У политиков была своя причина для бездействия, которую откровенно назвал кто-то из министров: «Мобилизация! За два месяца до выборов! Да нас вышвырнут из парламента, если раньше не случится народное восстание» (CRE, 107)[196]. По словам Морраса, Сарро «как и все на свете, знал, что накануне всеобщих выборов войну не начинают. После них – все что угодно! Но не раньше! <…> Блюм был настроен воевать, когда получит большинство. Ни он, ни Сарро не были идиотами, чтобы ставить (избирательные – В. М.) урны под угрозу с помощью приготовлений к войне. Немцы устроились, где хотели и как хотели» (МРС, 98). «Все восприняли ремилитаризацию как внутриполитическое осложнение, могущее повлиять на выборы» – констатировал Альфред Конкэ, начальник штаба Петэна, и привел слова шефа: «Правительство Франции отдало себя во власть капризам депутатов. Если то же самое произойдет с командованием, будет катастрофа»[197]. «Абсолютное большинство прессы было против любого конфликта», – добавил Гамелен[198]. Да и рядовые французы не собирались воевать из-за того, что германские войска вступили на германскую территорию, даже если они тем самым приблизились к границам Франции.
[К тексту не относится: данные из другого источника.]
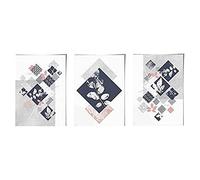 Artze Wall Art Botanical Abstract Geometric Floral Print Wall Art, 30 cm Width x 40 cm Height, Navy Blue/Pink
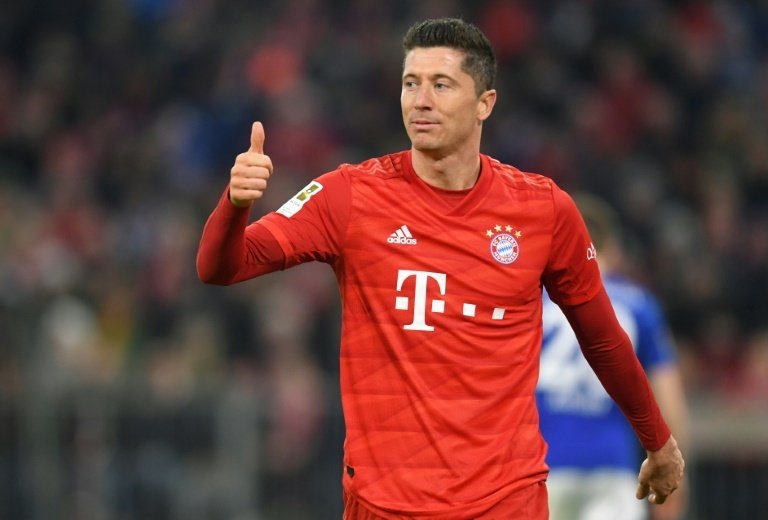 Lewandowski, only eight goals from beating his record. AFP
«Республика убила мир», – гласила «шапка» L’AF 8 марта. Сетуя, что время упущено, Моррас объявил корнем зла преждевременный вывод войск из Рейнской области. «При первом же известии о решениях Гитлера, – продолжил он 10 марта, – национальное правительство, стабильное и единое, не пришло бы в замешательство. Потому что у него были бы войска и оружие. Опираясь на свое право, договоры и соглашения, такое правительство, не теряя времени, заняло бы всю ту часть Рейнской области, куда еще не вторглись марширующие немцы. <…> С учетом того, что произошло за эти сорок восемь часов, правительству Республики можно дать, увы, единственный совет: прежде всего, никакой войны. Затем, необходимо вооружаться» (ТНМ, 323).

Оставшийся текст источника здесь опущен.